Task description: I would like you to output every record below exactly, apart from the pictures.

Data for this task:
▬▬▬
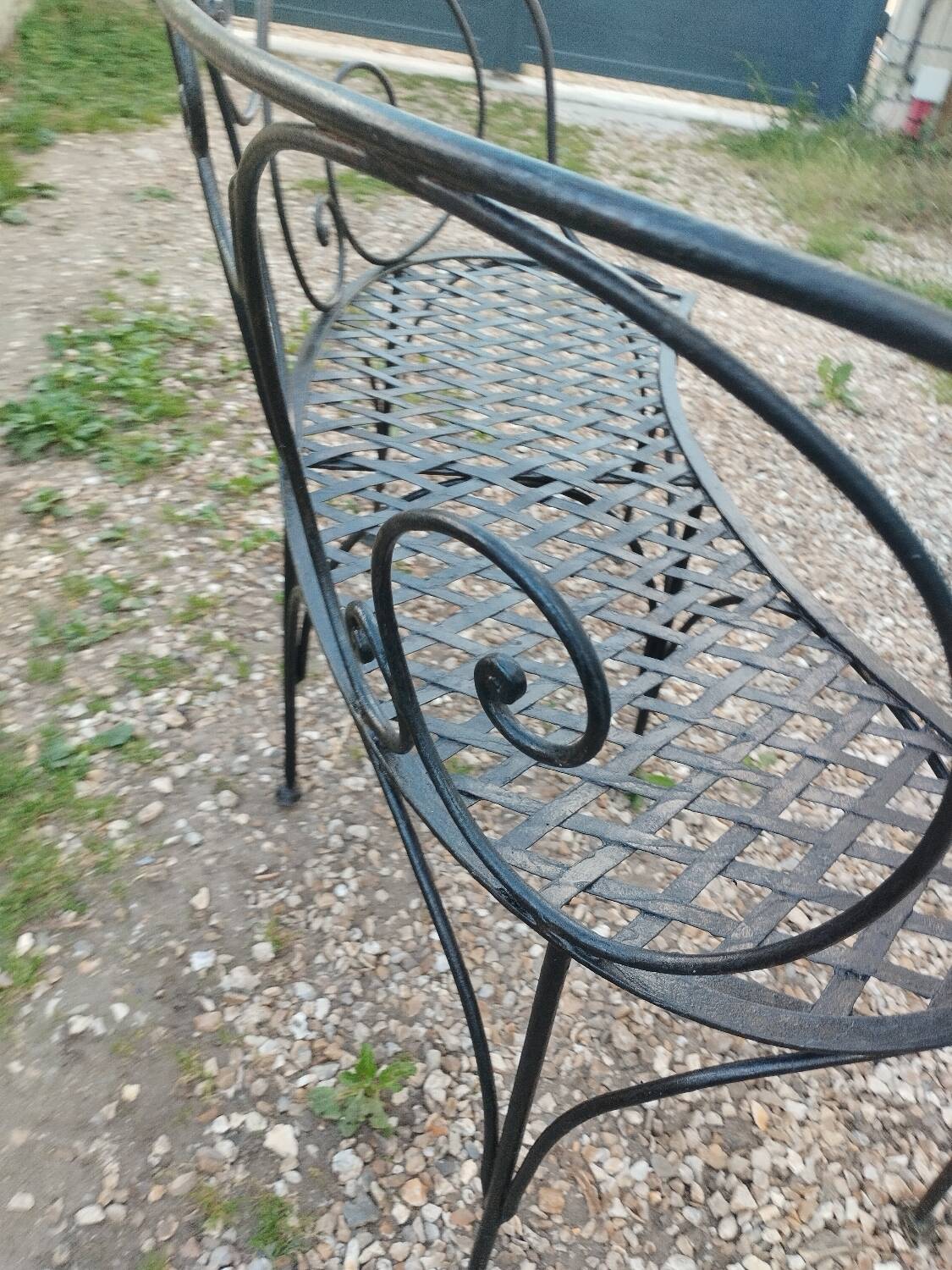 Banc de jardin en fer ancien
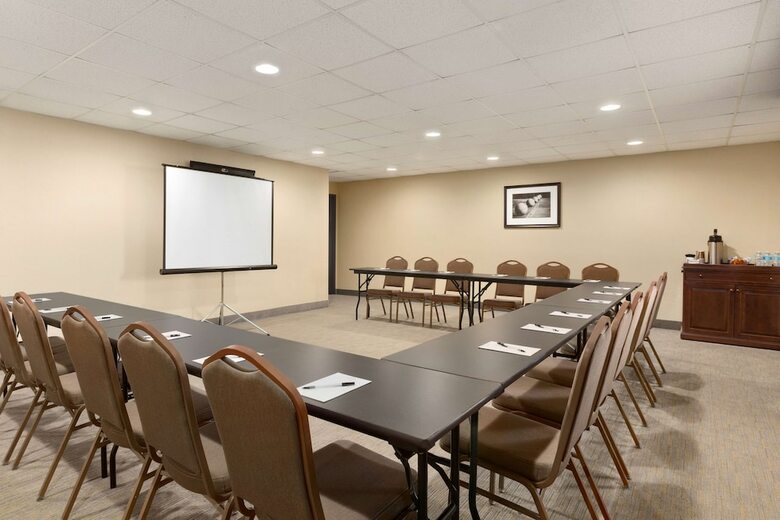 Hotel Country Inn & Suites By Radisson, Eagan, Mn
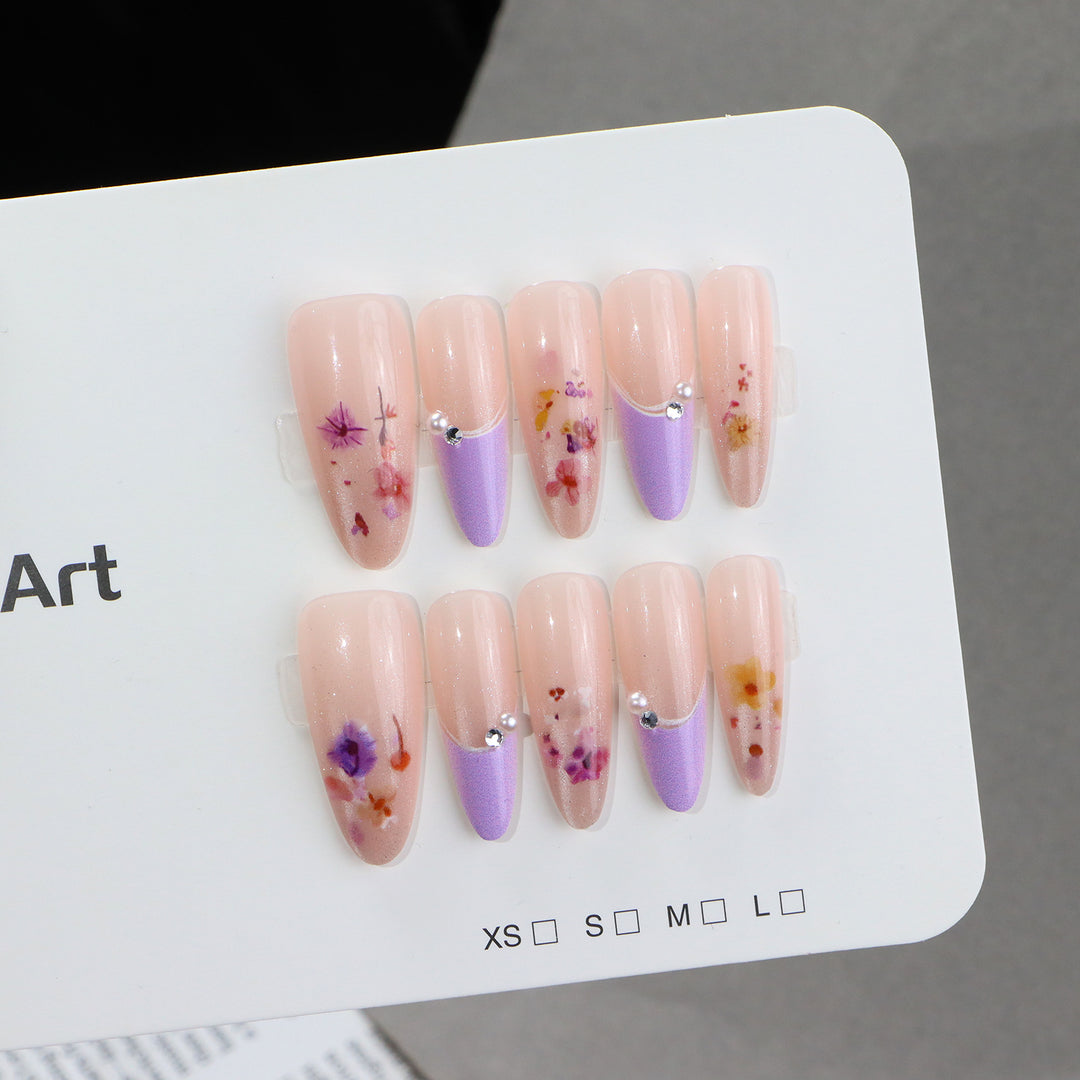 Floral-Embellished Press-On Nail Set Stornfield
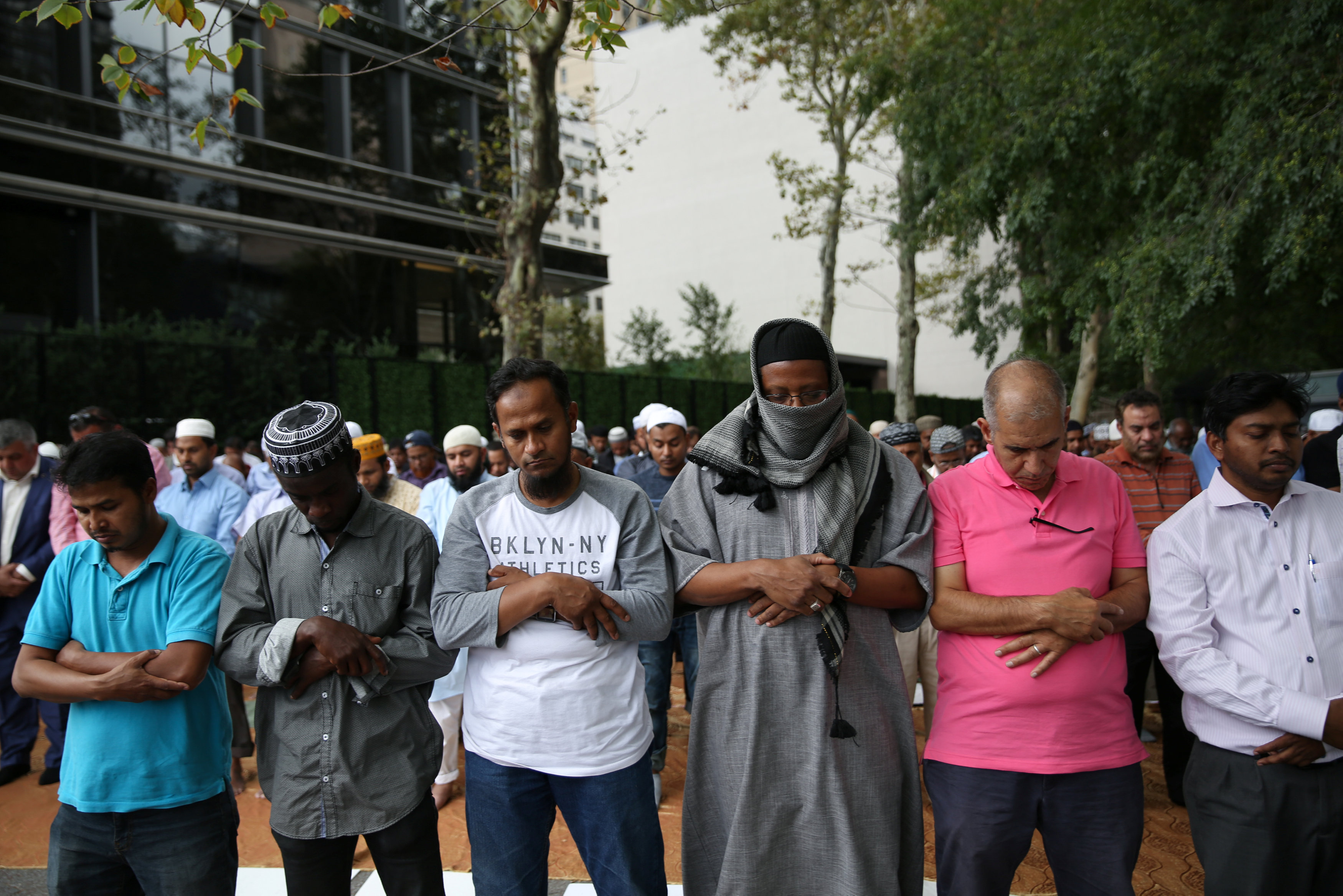 مسلمو أمريكا يؤدون الصلاة ضمن فعالية ضد العنف تجاه الروهينجا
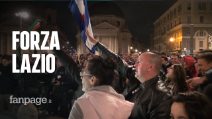 Coppa Italia, Lazio campione e i tifosi scendono in strada a festeggiare tra inni al duce e bagni in fontana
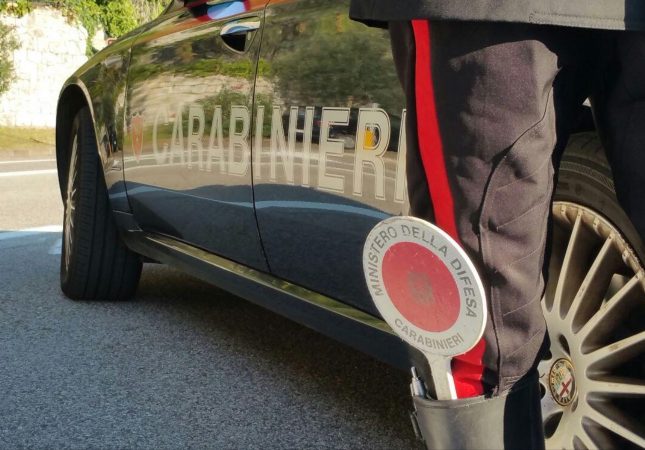 SHQIPTARI I DËBUAR SFIDON POLICINË/ I gjendet MARIJUANË në…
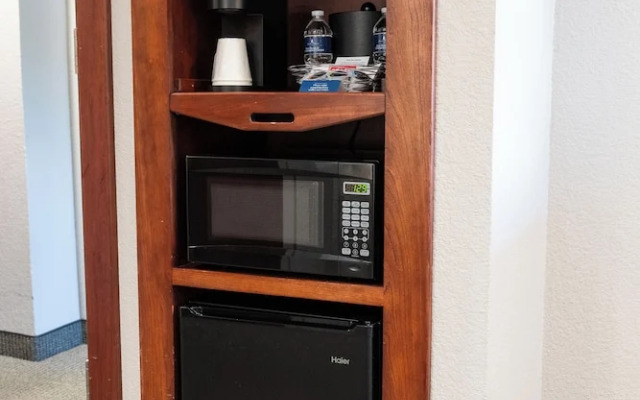 Hillsdale College Dow Hotel and Conference Center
▬▬▬
Solution to the problem:
 Banc de jardin en fer ancien
 Hotel Country Inn & Suites By Radisson, Eagan, Mn
 Floral-Embellished Press-On Nail Set Stornfield
 مسلمو أمريكا يؤدون الصلاة ضمن فعالية ضد العنف تجاه الروهينجا
 Coppa Italia, Lazio campione e i tifosi scendono in strada a festeggiare tra inni al duce e bagni in fontana
 SHQIPTARI I DËBUAR SFIDON POLICINË/ I gjendet MARIJUANË në…
 Hillsdale College Dow Hotel and Conference Center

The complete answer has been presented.